[Recorded data]
-------

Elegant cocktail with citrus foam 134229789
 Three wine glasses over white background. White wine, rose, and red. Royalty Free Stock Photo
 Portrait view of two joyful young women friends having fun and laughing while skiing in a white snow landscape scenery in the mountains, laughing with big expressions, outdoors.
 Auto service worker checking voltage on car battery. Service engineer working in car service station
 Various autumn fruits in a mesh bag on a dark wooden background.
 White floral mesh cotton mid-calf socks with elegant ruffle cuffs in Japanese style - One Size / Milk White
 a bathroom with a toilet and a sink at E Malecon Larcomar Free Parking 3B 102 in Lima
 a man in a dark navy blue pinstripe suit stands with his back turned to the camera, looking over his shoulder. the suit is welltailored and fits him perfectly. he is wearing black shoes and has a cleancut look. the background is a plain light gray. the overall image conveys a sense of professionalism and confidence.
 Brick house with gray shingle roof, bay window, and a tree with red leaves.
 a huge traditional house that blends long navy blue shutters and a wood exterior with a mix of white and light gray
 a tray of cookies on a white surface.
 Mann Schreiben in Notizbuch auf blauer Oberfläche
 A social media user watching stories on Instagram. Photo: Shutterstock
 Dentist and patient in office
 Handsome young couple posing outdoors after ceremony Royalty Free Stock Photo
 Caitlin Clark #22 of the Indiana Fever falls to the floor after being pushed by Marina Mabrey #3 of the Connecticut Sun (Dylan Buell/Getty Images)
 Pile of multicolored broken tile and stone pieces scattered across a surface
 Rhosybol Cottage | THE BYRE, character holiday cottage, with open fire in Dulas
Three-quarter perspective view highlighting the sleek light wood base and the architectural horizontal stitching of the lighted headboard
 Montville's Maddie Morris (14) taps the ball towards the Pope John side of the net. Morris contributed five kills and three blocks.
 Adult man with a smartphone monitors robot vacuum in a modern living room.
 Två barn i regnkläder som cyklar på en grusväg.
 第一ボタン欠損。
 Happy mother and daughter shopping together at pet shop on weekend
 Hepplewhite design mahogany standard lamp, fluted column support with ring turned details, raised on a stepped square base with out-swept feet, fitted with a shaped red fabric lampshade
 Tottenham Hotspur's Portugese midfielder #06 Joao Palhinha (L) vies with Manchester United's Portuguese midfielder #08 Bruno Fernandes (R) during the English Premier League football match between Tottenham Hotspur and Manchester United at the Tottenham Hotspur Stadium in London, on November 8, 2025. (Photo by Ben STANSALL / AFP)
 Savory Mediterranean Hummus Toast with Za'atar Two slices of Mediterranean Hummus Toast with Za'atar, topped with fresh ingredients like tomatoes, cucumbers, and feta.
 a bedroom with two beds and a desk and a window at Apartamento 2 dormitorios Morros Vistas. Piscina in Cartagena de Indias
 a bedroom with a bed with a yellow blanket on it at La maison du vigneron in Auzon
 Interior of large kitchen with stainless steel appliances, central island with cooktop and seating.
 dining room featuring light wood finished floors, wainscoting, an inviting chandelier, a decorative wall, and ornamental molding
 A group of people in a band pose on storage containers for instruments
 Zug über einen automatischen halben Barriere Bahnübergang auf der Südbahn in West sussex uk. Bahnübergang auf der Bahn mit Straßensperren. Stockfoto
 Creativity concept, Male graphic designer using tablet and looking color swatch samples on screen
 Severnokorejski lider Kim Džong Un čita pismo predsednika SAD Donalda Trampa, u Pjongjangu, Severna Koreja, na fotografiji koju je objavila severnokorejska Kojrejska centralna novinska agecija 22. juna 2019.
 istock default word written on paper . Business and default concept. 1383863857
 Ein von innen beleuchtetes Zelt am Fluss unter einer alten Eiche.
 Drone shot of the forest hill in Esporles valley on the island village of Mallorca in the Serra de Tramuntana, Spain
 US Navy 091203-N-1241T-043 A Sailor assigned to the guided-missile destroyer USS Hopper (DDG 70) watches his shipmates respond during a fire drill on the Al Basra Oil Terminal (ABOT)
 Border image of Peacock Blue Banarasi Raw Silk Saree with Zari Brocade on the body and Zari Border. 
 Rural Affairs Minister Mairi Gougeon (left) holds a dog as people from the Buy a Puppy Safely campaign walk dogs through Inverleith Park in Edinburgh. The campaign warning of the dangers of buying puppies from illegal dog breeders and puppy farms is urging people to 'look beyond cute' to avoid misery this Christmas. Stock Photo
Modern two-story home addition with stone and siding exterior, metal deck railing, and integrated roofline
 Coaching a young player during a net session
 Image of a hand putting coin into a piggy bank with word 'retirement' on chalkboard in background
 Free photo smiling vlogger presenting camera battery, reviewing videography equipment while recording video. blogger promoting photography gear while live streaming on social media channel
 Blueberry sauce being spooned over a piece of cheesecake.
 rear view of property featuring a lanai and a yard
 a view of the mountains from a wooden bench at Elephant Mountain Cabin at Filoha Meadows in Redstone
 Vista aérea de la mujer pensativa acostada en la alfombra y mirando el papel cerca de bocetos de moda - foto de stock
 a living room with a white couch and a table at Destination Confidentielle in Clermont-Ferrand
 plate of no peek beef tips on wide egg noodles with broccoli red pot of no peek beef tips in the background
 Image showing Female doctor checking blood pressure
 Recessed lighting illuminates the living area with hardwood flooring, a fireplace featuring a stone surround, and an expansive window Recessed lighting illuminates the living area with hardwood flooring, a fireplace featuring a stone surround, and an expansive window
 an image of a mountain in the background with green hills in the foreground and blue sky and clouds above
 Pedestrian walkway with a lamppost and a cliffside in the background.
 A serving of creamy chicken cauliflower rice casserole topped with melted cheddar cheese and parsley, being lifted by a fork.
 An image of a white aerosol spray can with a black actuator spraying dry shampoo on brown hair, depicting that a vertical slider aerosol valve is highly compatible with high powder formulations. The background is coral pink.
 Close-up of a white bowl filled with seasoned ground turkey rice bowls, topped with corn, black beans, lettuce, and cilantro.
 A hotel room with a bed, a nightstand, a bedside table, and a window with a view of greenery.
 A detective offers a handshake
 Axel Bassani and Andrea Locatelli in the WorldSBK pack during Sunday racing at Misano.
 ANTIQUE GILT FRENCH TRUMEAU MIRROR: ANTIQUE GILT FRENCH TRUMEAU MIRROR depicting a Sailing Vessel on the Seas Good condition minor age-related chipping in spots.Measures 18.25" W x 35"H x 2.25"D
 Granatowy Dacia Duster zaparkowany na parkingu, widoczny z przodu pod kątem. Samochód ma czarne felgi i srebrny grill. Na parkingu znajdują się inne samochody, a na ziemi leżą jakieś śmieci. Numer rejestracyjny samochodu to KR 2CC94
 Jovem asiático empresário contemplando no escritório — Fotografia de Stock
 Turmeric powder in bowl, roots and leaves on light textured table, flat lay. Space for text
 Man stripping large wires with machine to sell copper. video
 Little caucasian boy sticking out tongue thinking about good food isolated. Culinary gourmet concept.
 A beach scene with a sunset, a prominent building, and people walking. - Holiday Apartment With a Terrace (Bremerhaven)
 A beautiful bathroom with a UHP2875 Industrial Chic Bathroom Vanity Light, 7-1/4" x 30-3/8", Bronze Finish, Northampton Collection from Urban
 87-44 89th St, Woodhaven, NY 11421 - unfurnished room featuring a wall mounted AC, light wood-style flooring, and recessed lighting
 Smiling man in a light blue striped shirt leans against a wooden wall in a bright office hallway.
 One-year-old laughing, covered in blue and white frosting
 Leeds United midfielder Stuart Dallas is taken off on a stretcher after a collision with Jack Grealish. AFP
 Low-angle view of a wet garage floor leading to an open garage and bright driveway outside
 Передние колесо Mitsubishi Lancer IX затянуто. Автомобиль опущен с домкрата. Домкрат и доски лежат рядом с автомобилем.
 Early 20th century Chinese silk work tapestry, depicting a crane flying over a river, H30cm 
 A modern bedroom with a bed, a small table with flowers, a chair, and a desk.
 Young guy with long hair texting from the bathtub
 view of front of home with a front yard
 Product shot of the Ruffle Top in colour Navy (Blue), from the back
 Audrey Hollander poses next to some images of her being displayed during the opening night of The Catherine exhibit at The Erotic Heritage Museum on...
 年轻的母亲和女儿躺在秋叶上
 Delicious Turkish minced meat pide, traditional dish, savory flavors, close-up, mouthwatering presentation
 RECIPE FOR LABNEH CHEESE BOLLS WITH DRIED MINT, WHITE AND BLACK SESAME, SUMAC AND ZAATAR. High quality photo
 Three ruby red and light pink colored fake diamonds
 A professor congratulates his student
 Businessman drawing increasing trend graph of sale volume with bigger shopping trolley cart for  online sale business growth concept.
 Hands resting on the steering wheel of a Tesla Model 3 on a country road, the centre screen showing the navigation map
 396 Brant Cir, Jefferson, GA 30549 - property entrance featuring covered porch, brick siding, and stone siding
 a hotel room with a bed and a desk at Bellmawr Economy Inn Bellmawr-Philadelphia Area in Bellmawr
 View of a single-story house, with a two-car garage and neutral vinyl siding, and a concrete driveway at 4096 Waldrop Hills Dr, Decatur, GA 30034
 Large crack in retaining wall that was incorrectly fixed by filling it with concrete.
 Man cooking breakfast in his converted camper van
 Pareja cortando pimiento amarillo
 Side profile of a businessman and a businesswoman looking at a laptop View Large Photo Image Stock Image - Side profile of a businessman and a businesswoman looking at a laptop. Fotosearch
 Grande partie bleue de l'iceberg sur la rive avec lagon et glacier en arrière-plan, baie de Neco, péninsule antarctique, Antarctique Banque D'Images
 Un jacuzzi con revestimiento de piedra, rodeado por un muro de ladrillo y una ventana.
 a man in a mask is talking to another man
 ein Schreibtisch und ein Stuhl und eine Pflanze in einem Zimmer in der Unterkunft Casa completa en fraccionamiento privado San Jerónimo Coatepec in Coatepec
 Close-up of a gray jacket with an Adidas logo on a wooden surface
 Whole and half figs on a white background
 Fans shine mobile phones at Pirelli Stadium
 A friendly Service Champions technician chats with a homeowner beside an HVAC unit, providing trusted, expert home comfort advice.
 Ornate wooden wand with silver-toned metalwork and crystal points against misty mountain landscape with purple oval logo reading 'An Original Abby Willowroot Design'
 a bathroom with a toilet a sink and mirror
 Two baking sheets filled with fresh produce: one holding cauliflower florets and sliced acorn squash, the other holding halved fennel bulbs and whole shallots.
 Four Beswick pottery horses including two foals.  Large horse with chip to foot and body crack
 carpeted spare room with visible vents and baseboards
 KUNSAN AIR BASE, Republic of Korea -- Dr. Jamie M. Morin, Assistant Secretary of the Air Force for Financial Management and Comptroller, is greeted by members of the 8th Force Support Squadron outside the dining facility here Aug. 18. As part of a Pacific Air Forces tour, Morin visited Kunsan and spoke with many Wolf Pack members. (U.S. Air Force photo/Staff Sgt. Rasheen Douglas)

-------

## Brief
From the data above, reproduce word for word the lines running from the line with "Three-quarter perspective view" to the line with "Ein von innen", ends included.

## Written solution
Three-quarter perspective view highlighting the sleek light wood base and the architectural horizontal stitching of the lighted headboard
 Montville's Maddie Morris (14) taps the ball towards the Pope John side of the net. Morris contributed five kills and three blocks.
 Adult man with a smartphone monitors robot vacuum in a modern living room.
 Två barn i regnkläder som cyklar på en grusväg.
 第一ボタン欠損。
 Happy mother and daughter shopping together at pet shop on weekend
 Hepplewhite design mahogany standard lamp, fluted column support with ring turned details, raised on a stepped square base with out-swept feet, fitted with a shaped red fabric lampshade
 Tottenham Hotspur's Portugese midfielder #06 Joao Palhinha (L) vies with Manchester United's Portuguese midfielder #08 Bruno Fernandes (R) during the English Premier League football match between Tottenham Hotspur and Manchester United at the Tottenham Hotspur Stadium in London, on November 8, 2025. (Photo by Ben STANSALL / AFP)
 Savory Mediterranean Hummus Toast with Za'atar Two slices of Mediterranean Hummus Toast with Za'atar, topped with fresh ingredients like tomatoes, cucumbers, and feta.
 a bedroom with two beds and a desk and a window at Apartamento 2 dormitorios Morros Vistas. Piscina in Cartagena de Indias
 a bedroom with a bed with a yellow blanket on it at La maison du vigneron in Auzon
 Interior of large kitchen with stainless steel appliances, central island with cooktop and seating.
 dining room featuring light wood finished floors, wainscoting, an inviting chandelier, a decorative wall, and ornamental molding
 A group of people in a band pose on storage containers for instruments
 Zug über einen automatischen halben Barriere Bahnübergang auf der Südbahn in West sussex uk. Bahnübergang auf der Bahn mit Straßensperren. Stockfoto
 Creativity concept, Male graphic designer using tablet and looking color swatch samples on screen
 Severnokorejski lider Kim Džong Un čita pismo predsednika SAD Donalda Trampa, u Pjongjangu, Severna Koreja, na fotografiji koju je objavila severnokorejska Kojrejska centralna novinska agecija 22. juna 2019.
 istock default word written on paper . Business and default concept. 1383863857
 Ein von innen beleuchtetes Zelt am Fluss unter einer alten Eiche.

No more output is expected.